In der zum Weltkulturerbe gehörenden Essener Zeche Zollverein startet das Kulturhauptstadtjahr 2010 am 9. Jänner mit einem Open-Air-Fest und Herbert Grönemeyers Kulturhauptstadt-Lied "Komm zur Ruhr". Die 580.000 Einwohner-Stadt Essen möchte sich als modernes Wirtschafts-, Kultur- und Dienstleistungszentrum präsentieren und gemeinsam mit der ganzen Region des Ruhrgebiets dem Klischee des "grauen Kohlepotts" ein buntes, lebendiges Bild der Gegenwart gegenüberstellen. Dafür soll "Ruhr.2010" mit 300 Projekte und 2.500 Veranstaltungen das Motto "Wandel durch Kultur - Kultur durch Wandel" in alle 53 Ruhrgebietsstädte tragen.

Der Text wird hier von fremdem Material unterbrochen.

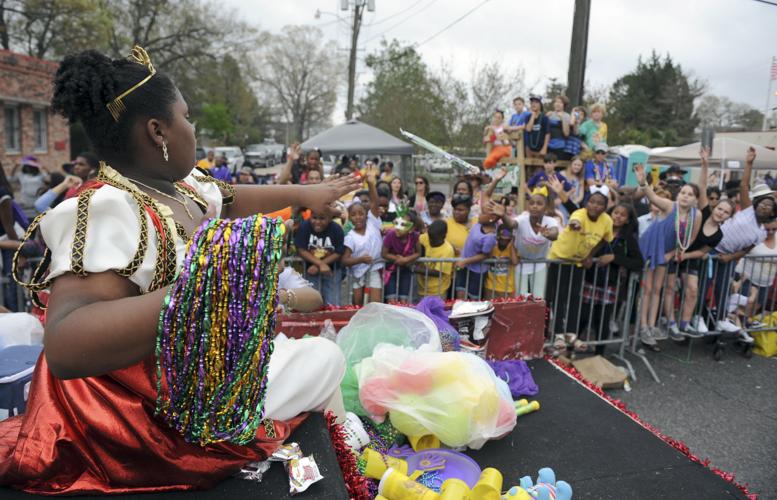 Photos Lafayette Mardi Gras Festival Parade Photos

Essen hat aber auch ein reiches religiöses Erbe: Den Fürstäbtissinnen des im 9. Jahrhundert für die Töchter des sächsischen Adels gegründeten Stiftes Essen verdankt die Stadt den bedeutenden Essener Domschatz. Im Mittelpunkt steht die Goldene Madonna; um das Jahr 980 entstanden, ist sie das erste voll plastische Abbild der Gottesmutter und gilt als eines der bedeutendsten Kunstwerke des Abendlandes.